Court officials' and jurors' use of derogatory racial terms in a case with an African-American defendant strikes at the heart of the fair trial protections. Only an impartial jury can ensure a fair trial. The importance of an impartial jury is particularly demonstrated by the facts in this case because the issue for trial was essentially identification. Credibility assessments are critical to resolving identification issues. Whether Watkins, an African-American, was guilty or not guilty of inflicting the blows on Rosenberger depended on the jurors' assessments of credibility.

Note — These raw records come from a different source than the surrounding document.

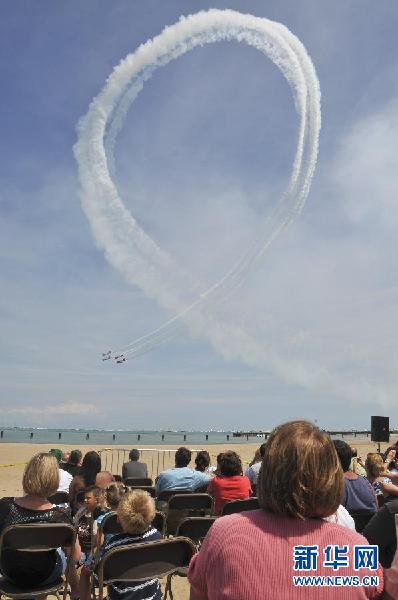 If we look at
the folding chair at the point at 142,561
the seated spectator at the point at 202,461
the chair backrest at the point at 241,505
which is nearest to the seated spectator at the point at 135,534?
the folding chair at the point at 142,561

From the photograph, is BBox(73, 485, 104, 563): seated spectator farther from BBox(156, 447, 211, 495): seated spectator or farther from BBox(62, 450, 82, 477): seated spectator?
BBox(62, 450, 82, 477): seated spectator

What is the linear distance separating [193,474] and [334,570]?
645 centimetres

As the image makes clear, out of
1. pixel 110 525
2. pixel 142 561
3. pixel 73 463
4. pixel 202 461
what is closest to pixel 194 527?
pixel 110 525

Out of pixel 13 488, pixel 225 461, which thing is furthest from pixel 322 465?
pixel 13 488

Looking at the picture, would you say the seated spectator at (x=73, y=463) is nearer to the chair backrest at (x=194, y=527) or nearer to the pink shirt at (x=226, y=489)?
the pink shirt at (x=226, y=489)

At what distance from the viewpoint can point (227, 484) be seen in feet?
23.3

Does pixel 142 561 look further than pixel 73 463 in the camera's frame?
No

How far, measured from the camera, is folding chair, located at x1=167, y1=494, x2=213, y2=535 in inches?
260

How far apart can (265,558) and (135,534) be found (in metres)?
2.59

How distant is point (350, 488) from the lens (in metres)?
5.61

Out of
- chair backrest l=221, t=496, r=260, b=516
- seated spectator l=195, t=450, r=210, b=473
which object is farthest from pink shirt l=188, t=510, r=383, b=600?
seated spectator l=195, t=450, r=210, b=473

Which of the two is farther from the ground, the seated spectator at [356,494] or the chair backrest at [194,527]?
the seated spectator at [356,494]

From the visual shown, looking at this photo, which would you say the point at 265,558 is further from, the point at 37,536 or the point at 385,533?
the point at 37,536

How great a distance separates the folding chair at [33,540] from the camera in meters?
4.26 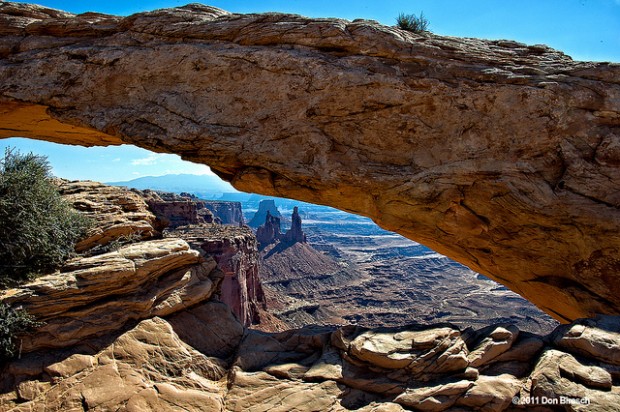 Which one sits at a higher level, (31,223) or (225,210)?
(31,223)

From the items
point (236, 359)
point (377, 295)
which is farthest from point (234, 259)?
point (377, 295)

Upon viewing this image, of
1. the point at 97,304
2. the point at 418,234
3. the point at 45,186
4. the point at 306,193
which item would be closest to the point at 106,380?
the point at 97,304

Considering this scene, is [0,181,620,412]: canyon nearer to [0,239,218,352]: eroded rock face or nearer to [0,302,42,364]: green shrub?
[0,239,218,352]: eroded rock face

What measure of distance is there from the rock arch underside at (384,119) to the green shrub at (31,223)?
9.43ft

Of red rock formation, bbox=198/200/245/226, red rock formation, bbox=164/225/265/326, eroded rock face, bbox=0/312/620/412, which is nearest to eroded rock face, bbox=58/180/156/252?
eroded rock face, bbox=0/312/620/412

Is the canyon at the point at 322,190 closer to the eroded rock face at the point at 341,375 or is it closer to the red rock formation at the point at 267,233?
the eroded rock face at the point at 341,375

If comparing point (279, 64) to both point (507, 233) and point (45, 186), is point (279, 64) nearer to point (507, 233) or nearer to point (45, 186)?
point (45, 186)

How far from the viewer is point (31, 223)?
11.8 meters

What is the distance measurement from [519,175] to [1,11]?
19.9 metres

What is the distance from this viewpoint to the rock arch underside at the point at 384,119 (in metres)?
12.4

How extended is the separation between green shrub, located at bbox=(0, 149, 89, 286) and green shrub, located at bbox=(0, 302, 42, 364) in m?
1.27

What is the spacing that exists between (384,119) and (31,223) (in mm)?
11174

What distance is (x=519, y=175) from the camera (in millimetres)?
12516

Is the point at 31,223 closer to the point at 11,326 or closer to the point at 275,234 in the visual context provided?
the point at 11,326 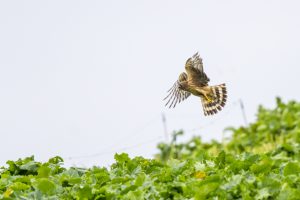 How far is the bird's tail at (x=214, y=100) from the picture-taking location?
656 cm

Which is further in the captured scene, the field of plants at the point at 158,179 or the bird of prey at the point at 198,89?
the bird of prey at the point at 198,89

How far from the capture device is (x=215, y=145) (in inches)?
512

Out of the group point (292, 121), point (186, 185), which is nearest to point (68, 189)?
point (186, 185)

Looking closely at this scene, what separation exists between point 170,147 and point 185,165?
7728mm

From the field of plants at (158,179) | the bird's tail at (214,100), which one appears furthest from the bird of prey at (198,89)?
the field of plants at (158,179)

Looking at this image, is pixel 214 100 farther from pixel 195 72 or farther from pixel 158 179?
pixel 158 179

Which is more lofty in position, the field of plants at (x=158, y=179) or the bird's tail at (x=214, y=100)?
the bird's tail at (x=214, y=100)

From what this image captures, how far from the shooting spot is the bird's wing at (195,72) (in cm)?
647

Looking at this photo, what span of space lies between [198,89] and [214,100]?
180 mm

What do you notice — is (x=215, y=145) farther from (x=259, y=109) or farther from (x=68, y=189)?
(x=68, y=189)

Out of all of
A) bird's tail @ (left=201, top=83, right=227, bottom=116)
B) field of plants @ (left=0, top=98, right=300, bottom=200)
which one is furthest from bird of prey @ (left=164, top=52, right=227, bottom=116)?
field of plants @ (left=0, top=98, right=300, bottom=200)

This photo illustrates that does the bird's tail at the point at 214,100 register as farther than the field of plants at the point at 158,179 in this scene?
Yes

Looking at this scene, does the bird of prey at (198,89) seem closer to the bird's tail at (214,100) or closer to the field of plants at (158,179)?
the bird's tail at (214,100)

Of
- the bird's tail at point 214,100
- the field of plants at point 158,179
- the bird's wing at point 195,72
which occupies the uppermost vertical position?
the bird's wing at point 195,72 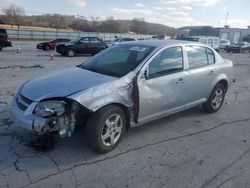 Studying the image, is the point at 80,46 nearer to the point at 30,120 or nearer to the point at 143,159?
the point at 30,120

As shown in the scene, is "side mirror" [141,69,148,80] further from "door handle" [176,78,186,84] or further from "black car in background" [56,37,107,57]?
"black car in background" [56,37,107,57]

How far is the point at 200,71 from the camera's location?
500cm

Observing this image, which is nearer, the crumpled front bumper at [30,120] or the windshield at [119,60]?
the crumpled front bumper at [30,120]

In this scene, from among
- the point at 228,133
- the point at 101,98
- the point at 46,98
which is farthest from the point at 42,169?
the point at 228,133

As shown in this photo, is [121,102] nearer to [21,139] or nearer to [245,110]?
[21,139]

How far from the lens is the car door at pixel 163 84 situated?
3994mm

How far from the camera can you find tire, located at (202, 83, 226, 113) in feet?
18.2

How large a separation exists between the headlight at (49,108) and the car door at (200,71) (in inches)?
98.0

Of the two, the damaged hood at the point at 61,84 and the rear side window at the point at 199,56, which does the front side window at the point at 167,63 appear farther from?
the damaged hood at the point at 61,84

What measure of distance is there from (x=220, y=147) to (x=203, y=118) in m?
1.38

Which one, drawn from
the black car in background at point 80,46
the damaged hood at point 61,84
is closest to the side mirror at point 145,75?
the damaged hood at point 61,84

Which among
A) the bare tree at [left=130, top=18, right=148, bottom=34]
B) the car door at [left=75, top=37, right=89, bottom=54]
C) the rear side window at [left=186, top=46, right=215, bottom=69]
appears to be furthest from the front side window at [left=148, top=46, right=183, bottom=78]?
the bare tree at [left=130, top=18, right=148, bottom=34]

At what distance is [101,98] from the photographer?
3.46 meters

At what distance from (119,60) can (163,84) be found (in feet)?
2.96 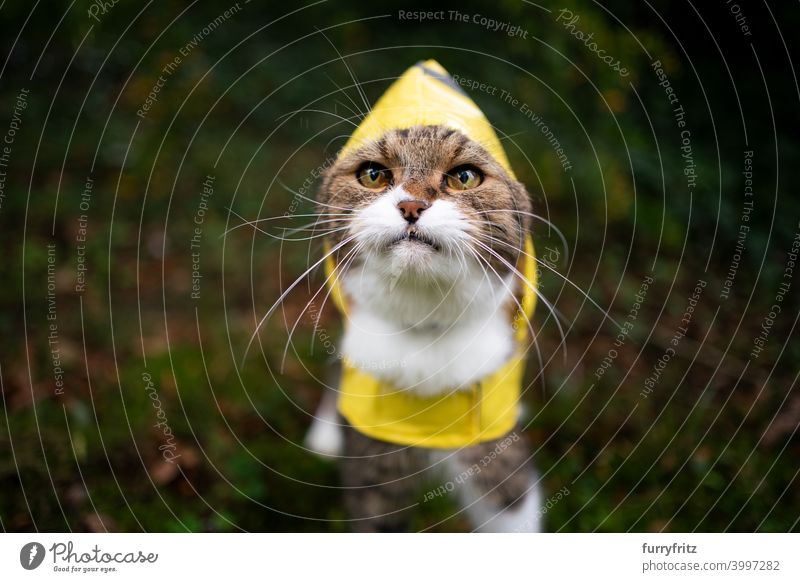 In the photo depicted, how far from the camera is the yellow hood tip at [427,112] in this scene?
205cm

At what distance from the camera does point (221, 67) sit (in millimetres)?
4504


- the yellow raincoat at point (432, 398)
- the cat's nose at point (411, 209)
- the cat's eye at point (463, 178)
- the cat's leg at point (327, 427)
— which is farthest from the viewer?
the cat's leg at point (327, 427)

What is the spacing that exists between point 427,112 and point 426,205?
44 cm

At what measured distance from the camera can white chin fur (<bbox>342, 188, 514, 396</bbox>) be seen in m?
1.82

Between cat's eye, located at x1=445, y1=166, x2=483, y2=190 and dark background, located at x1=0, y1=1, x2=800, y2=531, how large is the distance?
56 cm

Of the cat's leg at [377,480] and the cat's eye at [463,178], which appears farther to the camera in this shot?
the cat's leg at [377,480]

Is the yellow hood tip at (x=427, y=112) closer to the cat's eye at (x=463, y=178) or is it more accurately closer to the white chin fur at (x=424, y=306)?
the cat's eye at (x=463, y=178)

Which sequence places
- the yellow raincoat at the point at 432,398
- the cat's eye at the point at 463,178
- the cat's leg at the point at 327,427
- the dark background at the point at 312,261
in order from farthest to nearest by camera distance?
the cat's leg at the point at 327,427
the dark background at the point at 312,261
the yellow raincoat at the point at 432,398
the cat's eye at the point at 463,178

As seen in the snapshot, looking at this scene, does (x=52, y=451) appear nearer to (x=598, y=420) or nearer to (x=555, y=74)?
(x=598, y=420)

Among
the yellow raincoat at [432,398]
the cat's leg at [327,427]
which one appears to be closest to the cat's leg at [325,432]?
the cat's leg at [327,427]

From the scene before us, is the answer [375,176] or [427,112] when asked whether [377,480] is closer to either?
[375,176]

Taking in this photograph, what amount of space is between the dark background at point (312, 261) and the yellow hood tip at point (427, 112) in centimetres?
20

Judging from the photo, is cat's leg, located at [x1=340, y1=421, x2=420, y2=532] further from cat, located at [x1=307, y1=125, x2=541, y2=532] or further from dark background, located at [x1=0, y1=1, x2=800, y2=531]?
dark background, located at [x1=0, y1=1, x2=800, y2=531]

Having determined that the derogatory racial remarks created a presumption of prejudice, we must now determine whether the state met its burden of showing beyond a reasonable doubt that the racial comments did not contribute to the verdict. Cox, 322 N.W.2d at 558, 559 (test also characterized as "no reasonable possibility that the extrinsic material could have affected the verdict," citing Gibson v. Clanon, 633 F.2d 851, 853-54 (9th Cir.1980), cert. denied, 450 U.S. 1035, 101 S.Ct. 1749, 68 L.Ed.2d 231 (1981)). In estimating the probable effect on a jury, we consider (1) the nature and source of the prejudicial matter, (2) the number of jurors exposed to its influence, (3) the weight of evidence properly before the jury, and (4) the likelihood that curative measures were effective in reducing the prejudice. Id. at 559.

Application of these factors to the facts of this case supports the defendant's request for a new trial. First, the prejudicial remarks were of a severe nature, classifying the defendant by his race and thereby invoking the prejudice associated with the term *642 and the historical use of the term. The remark originated with a bailiff, who is an officer of the court and in a position of authority to the jury. The demonstration of prejudice is significantly enhanced by the repeated use of the derogatory racial term to refer to Watkins during the jury's deliberation.

Second, a significant number of jurors admitted hearing the bailiff's remark, and a smaller number admitted that the term was used in deliberations. We compare this to Parker in which a bailiff's statement was held to be presumptively prejudicial even though ten members of the jury testified that they did not hear the comment. 385 U.S. at 365, 87 S.Ct. at 470.

Third, the evidence properly before the jury did not weigh heavily against the defendant. The eyewitnesses' testimony that Watkins inflicted the blows was substantially compromised by impeachment evidence. The evidence before the jury may have been sufficient to support a verdict of guilty absent injection of racial prejudice. But it is significant that the issue was essentially one of identification, heavily dependent on juror assessment of credibility.

Fourth, there is no likelihood of effective curative measures because the evidence of possible prejudice came to the district court's attention only after the trial was concluded. There was no opportunity to attempt to ameliorate or address the effects of the open use of prejudicial racial terms. Neither was there a remedial effect in the initial voir dire. The defense attorney's questioning on racial bias was subject to objection which the district court sustained. See United States v. Bear Runner, 502 F.2d 908, 912 (8th Cir. 1974) (when facts surrounding the case suggest the possibility of racial bias, general questions to the venire may be insufficient).

The presumption of prejudice that attached was not rebutted by the state. We reverse and remand for a new trial.

Reversed and remanded for new trial.